L'échographie permet aussi de faire du dépistage, notamment de l'anévrisme de l'aorte abdominale (AAA). Cela ne prend que quelques minutes. La rupture d'AAA est une urgence vitale, or il suffirait de faire le diagnostic avant pour éviter le pire.

L'utilisation de l'échographie en MG reste minoritaire, seuls 5 à 8 % seraient concernés, même si vous avez formé plus de 7 000 médecins à l'échographie depuis près de 40 ans. Quels sont les freins ?

Les médecins pensent que c'est une erreur de faire de l'écho et qu'ils vont perdre du temps. C'est une idée toute faite. Avec ne serait-ce que 2 à 5 diagnostics, le médecin gagne du temps. Et c'est un service rendu important. L'investissement est le 2e obstacle mais les suppléments d'honoraires permettent de payer la machine. L'échographie peut se louer en leasing pour 300 euros par mois, il suffit d'une à deux échos par jour.

Du côté des radiologues, il y en a sans doute qui ne voient pas d'un très bon œil le fait que des médecins moins qualifiés fassent la même chose qu'eux. C'est une réaction habituelle, mais les MG ne leur enlèvent rien. Alors que les radiologues sont surbookés, les MG leur adressent des patients sélectionnés. C'est de la meilleure médecine.

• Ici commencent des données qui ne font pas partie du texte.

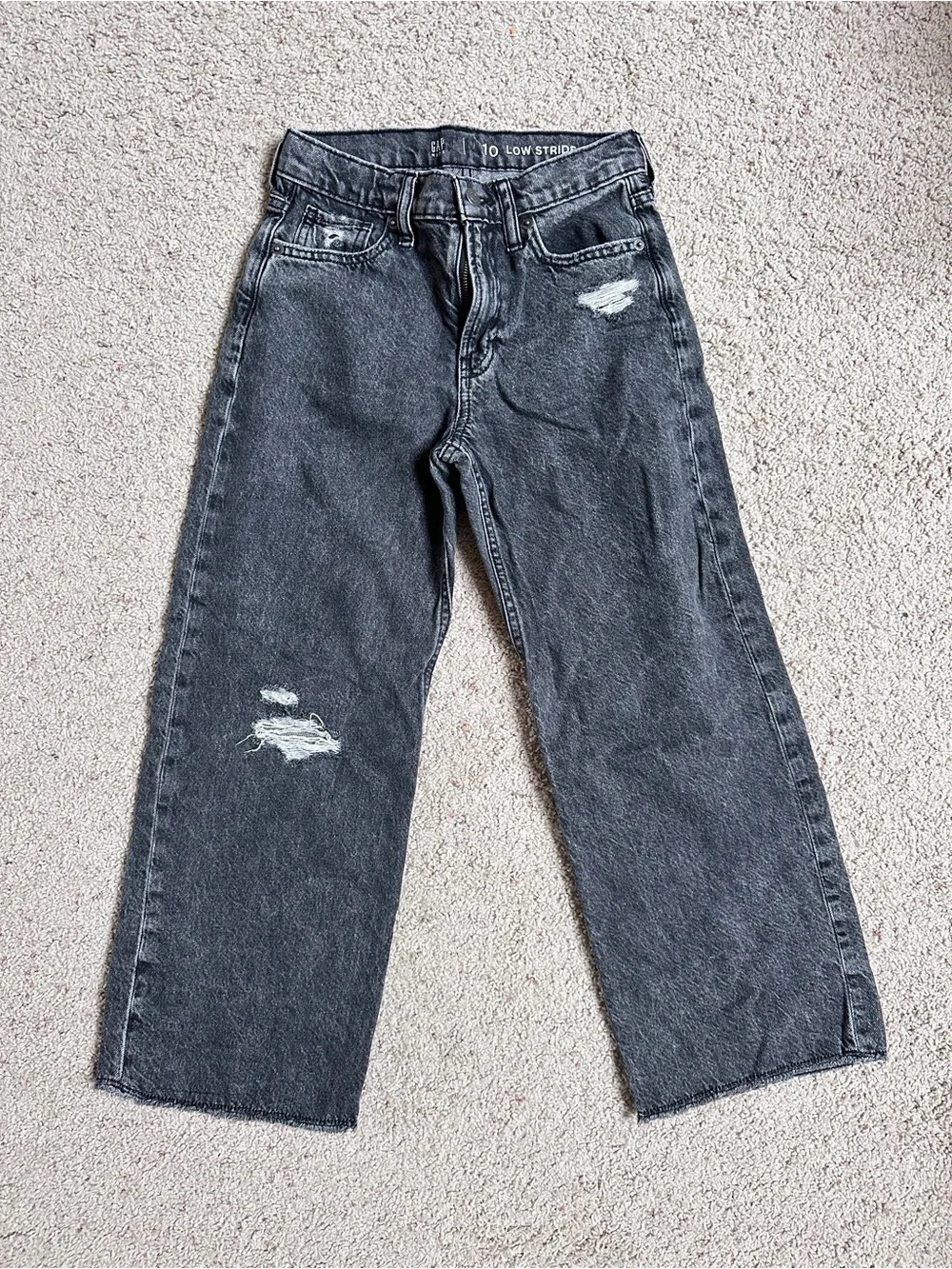Girls Gap Wide Leg Jeans (size 10)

C'est très dommage que l'université n'intègre pas l'échographie dans le cursus de médecine générale. Les responsables d'enseignement estiment souvent qu'il y a suffisamment de choses à faire pour s'embêter en plus avec l'échographie. Je ne comprends pas que les choses n'avancent pas.

Les décideurs politiques doivent savoir que cet outil permet de faire une médecine plus efficiente. Les obstacles sont tout à fait surmontables. L'échographie en médecine générale est de pratique courante dans les pays du Maghreb mais aussi au Japon et en Allemagne, qui a une approche très pragmatique.

L'enseignement de l'échographie dans le cursus de MG à la faculté peine à s'imposer. Il y a une cinquantaine de diagnostics faciles, sûrs et rapides. Aujourd'hui comment se former à l'échographie ?

Les MG ont le droit de faire de l'échographie avec la contrepartie de devoir se former. Les médecins sont libres de choisir comment le faire. Libres à eux de se regrouper pour apprendre ensemble toute l'année comme c'est le cas un peu partout en France. En apprenant un diagnostic par mois, le programme est bouclé en 2 ans. 

Il existe aussi la possibilité de s'appuyer sur des formations et y compris en ligne. L'École d'Échographie Sans Frontières dispense des cours d'échographie à distance pour MG sur une durée de 2 ans. Elle délivre le certificat Post graduate Diploma in Medical Ultrasound.

Le congrès va réunir plus de 350 personnes, c'est l'occasion pour les médecins de se retrouver et de prendre contact. Les médecins qui souhaitent se former peuvent suivre l'un des ateliers DPC sur 2-3 jours proposés par le Centre Francophone de Formation en Echographie (CFFE).